TURQUIE – La journaliste Neşe İdil a été condamnée à la prison avec sursis pour un tweet montrant des femmes kurdes célébrant la libération de Kobanê de l’Etat islamique en 2015. Elle est accusée d’avoir « diffusé de propagande terroriste ».
Un tribunal turc a condamné à une peine de prison avec sursis la journaliste Nece İdil pour avoir tweeté en 2015 une photo de femmes des Unités de protection des femmes (YPJ), une brigade entièrement féminine des forces armées présentes dans les régions kurdes du nord de la Syrie, ayant libéré la ville kurde de Kobani (Kobanê) de l’État islamique (DAECH / ISIS).
İdil a été jugée pour une image publiée dans une publication sur son compte de réseau social X en janvier 2015, accompagnée d’un commentaire indiquant « Les femmes des YPJ célébrant la libération de Kobanê de l’Etat islamique ».
Le tribunal d’Istanbul a entendu l’affaire le 20 février en l’absence d’İdil, représentée par son avocat Fatih Aydın. Le procureur a réitéré sa demande initiale de peine de prison, arguant que le message d’İdil, qui présentait des membres armés des YPJ, constituait de la propagande en faveur d’organisations illégales et ne relevait donc pas du champ d’application de la liberté d’expression.

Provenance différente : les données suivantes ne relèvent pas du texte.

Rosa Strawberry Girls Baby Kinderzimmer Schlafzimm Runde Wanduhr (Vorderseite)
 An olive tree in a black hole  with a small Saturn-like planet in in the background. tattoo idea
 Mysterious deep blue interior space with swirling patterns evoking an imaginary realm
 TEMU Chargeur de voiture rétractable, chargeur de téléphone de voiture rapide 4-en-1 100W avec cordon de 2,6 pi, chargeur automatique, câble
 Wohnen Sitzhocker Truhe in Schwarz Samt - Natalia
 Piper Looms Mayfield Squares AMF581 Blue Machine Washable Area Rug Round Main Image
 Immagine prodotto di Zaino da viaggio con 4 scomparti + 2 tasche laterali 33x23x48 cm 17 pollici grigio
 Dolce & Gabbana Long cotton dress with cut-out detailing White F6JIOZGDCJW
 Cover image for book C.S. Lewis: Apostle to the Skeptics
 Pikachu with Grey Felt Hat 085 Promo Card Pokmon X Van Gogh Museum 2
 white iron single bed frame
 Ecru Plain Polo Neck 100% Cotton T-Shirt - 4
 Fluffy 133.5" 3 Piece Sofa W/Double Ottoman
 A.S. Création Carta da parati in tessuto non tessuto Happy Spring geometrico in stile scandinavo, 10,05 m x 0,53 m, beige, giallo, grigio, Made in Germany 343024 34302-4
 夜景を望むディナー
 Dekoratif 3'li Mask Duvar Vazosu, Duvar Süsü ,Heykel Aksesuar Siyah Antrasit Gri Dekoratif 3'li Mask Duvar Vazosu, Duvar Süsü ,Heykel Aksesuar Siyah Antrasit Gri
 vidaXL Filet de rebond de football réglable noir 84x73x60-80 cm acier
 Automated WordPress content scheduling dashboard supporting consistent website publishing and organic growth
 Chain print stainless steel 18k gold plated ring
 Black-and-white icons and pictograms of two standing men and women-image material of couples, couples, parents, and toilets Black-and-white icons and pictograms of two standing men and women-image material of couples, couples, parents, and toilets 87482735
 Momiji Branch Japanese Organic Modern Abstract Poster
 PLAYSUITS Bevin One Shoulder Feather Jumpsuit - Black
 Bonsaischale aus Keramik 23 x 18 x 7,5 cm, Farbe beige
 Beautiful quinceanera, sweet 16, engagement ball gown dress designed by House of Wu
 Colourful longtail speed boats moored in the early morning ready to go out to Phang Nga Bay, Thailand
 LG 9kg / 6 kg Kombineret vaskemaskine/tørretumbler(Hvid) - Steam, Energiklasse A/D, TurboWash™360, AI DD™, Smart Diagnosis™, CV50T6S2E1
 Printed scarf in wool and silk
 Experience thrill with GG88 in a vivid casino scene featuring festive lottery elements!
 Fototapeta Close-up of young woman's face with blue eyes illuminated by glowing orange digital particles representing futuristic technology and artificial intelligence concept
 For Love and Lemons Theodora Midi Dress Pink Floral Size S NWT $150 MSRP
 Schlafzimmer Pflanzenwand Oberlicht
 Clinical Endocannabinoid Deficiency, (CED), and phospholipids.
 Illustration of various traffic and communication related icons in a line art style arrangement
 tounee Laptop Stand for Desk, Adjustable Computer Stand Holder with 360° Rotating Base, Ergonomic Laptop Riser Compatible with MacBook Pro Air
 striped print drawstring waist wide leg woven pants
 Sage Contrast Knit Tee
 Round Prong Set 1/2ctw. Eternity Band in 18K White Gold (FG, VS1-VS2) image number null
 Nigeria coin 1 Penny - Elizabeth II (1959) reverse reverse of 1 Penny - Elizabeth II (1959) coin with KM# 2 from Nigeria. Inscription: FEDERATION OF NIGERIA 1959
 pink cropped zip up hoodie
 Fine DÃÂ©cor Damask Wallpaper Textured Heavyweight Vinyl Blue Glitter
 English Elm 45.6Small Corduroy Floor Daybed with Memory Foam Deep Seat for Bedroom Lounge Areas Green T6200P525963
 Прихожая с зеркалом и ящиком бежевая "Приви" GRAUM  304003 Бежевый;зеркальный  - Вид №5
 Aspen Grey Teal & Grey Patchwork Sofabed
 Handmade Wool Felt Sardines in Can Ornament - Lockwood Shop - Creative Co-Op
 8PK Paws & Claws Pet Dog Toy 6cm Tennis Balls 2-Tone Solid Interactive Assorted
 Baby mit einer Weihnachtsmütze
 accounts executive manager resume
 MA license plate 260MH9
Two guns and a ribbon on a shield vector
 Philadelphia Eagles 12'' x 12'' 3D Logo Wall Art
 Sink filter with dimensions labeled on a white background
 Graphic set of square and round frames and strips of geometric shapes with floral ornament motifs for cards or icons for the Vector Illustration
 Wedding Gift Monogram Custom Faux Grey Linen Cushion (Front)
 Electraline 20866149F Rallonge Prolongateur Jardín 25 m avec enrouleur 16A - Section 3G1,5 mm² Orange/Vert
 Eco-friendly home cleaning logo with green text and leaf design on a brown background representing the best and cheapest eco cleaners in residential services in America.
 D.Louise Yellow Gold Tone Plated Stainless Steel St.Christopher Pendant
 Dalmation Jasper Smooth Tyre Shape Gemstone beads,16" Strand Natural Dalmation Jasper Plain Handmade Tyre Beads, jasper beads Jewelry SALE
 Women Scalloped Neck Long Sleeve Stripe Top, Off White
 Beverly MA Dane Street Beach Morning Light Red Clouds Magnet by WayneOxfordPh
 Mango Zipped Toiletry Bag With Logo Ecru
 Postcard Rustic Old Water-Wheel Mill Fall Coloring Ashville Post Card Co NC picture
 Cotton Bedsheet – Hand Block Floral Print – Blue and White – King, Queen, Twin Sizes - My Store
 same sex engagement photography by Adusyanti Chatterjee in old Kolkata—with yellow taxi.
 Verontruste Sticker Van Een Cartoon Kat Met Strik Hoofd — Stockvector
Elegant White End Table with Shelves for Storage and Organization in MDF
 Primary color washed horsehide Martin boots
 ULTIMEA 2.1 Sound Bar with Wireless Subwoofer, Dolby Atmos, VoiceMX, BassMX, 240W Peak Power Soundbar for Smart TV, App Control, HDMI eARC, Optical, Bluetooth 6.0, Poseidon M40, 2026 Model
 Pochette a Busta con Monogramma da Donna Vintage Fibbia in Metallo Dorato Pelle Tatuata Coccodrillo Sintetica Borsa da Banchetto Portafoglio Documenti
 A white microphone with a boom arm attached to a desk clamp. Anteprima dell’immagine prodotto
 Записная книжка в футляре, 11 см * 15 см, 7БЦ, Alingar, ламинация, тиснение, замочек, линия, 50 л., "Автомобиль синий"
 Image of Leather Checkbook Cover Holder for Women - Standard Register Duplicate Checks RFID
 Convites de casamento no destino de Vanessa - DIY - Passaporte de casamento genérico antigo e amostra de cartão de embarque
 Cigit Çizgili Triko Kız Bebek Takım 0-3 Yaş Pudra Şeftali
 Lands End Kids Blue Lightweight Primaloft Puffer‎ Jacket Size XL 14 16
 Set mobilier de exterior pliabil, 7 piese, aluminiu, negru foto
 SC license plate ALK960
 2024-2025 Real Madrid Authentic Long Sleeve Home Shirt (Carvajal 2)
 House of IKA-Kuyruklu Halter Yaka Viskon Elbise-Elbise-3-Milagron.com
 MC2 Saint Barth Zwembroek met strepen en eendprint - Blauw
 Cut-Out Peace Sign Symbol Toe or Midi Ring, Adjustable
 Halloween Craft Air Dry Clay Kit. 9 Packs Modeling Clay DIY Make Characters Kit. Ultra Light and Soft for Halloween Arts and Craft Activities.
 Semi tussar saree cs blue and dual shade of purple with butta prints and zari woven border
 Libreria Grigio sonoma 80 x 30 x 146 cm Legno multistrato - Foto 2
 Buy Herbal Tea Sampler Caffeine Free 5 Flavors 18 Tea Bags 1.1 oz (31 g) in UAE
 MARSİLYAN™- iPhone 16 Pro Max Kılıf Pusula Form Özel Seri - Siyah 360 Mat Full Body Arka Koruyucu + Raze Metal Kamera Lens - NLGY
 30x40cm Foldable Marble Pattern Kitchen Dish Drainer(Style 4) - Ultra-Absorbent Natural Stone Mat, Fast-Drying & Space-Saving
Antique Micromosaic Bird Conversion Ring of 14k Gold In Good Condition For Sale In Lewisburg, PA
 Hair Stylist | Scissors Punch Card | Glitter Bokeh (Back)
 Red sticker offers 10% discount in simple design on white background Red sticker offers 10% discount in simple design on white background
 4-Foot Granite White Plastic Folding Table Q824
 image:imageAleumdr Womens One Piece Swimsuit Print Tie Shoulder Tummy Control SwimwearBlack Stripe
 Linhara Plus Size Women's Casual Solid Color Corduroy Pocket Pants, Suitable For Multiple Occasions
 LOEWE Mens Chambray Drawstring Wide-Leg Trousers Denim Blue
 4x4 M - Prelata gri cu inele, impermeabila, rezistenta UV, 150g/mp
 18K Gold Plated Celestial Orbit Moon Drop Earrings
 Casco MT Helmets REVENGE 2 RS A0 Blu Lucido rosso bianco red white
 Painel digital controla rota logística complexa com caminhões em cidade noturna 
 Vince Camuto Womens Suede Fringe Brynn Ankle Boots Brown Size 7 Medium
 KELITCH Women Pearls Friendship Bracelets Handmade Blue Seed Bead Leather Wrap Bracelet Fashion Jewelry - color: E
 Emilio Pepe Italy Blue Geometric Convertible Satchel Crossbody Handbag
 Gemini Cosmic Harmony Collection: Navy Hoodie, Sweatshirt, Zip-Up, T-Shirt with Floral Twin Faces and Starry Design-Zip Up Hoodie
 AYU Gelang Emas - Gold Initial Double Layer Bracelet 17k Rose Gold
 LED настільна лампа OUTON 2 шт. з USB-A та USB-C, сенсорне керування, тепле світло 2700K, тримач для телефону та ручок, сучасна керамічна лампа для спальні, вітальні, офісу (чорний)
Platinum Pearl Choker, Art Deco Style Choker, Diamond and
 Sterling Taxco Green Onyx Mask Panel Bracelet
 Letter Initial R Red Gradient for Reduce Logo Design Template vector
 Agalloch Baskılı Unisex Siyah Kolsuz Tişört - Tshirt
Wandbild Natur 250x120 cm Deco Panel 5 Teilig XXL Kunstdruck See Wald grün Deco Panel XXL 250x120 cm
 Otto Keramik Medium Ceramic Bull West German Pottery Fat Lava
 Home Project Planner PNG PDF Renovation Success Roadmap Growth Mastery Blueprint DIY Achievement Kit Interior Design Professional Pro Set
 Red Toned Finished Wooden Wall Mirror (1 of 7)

La défense d’İdil a souligné que les YPJ n’avaient été reconnues comme organisation terroriste par la Cour de cassation turque que cinq mois après la publication du message et a plaidé pour l’acquittement d’İdil.
Le tribunal a condamné İdil à un an et trois mois de prison pour propagande terroriste, avec un sursis de cinq ans.
L’organisation internationale Coalition For Women In Journalism (CFWIF) a condamné l’utilisation abusive par la Turquie des lois antiterroristes pour faire taire la presse et a exhorté le tribunal à annuler sa décision.
Les organisations de défense des droits reprochent régulièrement à la Turquie de restreindre la liberté de la presse en emprisonnant des journalistes. Selon un rapport de l’Association des médias et des études juridiques (MLSA), un nombre stupéfiant de 314 journalistes ont fait l’objet de poursuites judiciaires en 2023, dont 29 sont en détention provisoire. Les accusations liées au terrorisme représentaient la majorité des affaires impliquant des journalistes, représentant 43 pour cent des procès.